India’s open lottery! Money came in bags full from abroad, the world was shocked to see the new figures of RBI
New Delhi: A very wonderful and heart-warming news is coming out on the Indian economy front. Amidst the ongoing economic turmoil across the world, a lot of money from abroad has poured into India’s coffers. According to the latest data released by the Reserve Bank of India (RBI) on Monday, the country’s exports and remittances sent by Indians living abroad have increased India’s economic strength manifold.
According to RBI, India has recorded a current account surplus of $ 7.1 billion in the January-March quarter (fourth quarter) of the financial year 2026, which is 0.7 percent of our GDP. Although this surplus is slightly less than the $13.7 billion (1.4 percent of GDP) recorded in the same quarter last year, but considering the current global conditions, it is being considered a major success for the Indian economy.
Computer and business services outweigh business losses
During this quarter, the country’s merchandise trade deficit increased to $83.4 billion, which was $59.3 billion in the same period a year ago. The main reason for this increase in trade deficit was the high imports in the country.
But it is a matter of relief that this loss was compensated to a great extent by our IT and business sector. Due to the huge surge in exports of computer services and other business services, the country’s net service receipts (net income from services) increased from $ 53.3 billion to $ 60.4 billion, which provided strong support to the economy.
Foreign earnings created history, NRIs sent record money
The Central Bank’s report clearly states that remittances coming from abroad have proved to be the strongest pillar for India’s external economic stability. Personal transfer receipts, which mainly include money sent home by people of Indian origin working day and night abroad, reached a record high in the March quarter. This figure has now reached $43.5 billion, a huge jump from $33.9 billion a year ago. Additionally, net outgo under the primary income account also declined from $11.9 billion to $11.1 billion, providing additional strength to the country’s current account balance.
How was the condition of foreign capital (capital flow) in the fourth quarter?
According to official RBI data, during the January-March 2026 quarter, net foreign direct investment (FDI) inflow in the country increased to $ 4.2 billion, which was just $ 0.4 billion in the same period last year. However, during this period, foreign portfolio investors (FPIs) booked huge profits from the Indian market and recorded a net outflow of $ 12 billion, whereas last year this figure was $ 5.9 billion.
On the other hand, the country benefited in terms of non-resident Indian (NRI) deposits and saw a net inflow of $3.3 billion, which was $2.8 billion in the last quarter of FY2025. The country saw a net inflow of $3.6 billion through External Commercial Borrowings (ECBs), compared to $7.5 billion last year. Amidst all these ups and downs, an increase of $ 7.2 billion was recorded in the country’s foreign exchange reserves on the basis of Balance of Payments (BoP).

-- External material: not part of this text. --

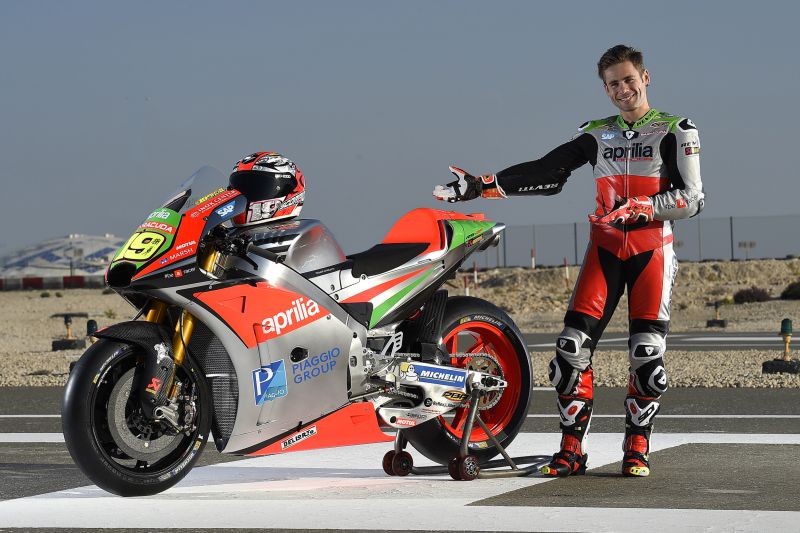 Aprilia-1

A look at the report card for the entire financial year 2025-26
If we talk about the entire financial year 2025-26, India’s current account deficit stood at $25.2 billion, which is 0.6 percent of the total GDP. Interestingly, even in FY 2025, this deficit was only 0.6 percent of GDP ($22.9 billion). The trade deficit in goods increased to $337.3 billion this year, which was at the level of $286.9 billion last year. However, net income from services increased from $188.8 billion to $216.6 billion, while earnings from secondary income also jumped from $123.5 billion to $143.6 billion.
With this, the total net income from ‘net invisibles’ (services and other invisible items) in FY 2026 was recorded at $ 312 billion, which is much better than last year’s $ 264 billion. The main credit for this goes to our excellent service exports and the money sent by migrants.
Talking about capital inflow, the net FDI inflow increased to 6.9 billion dollars in the entire financial year 2026, which was only 1 billion dollars in the financial year 2025. However, during this period, a huge net outflow of $ 16.4 billion was seen from FPI, whereas last year there was an inflow of $ 3.6 billion. Finally, on a balance of payments basis, India’s foreign exchange reserves declined by $23.6 billion in FY 2026 due to severe global pressures, compared to $5 billion in FY 2025.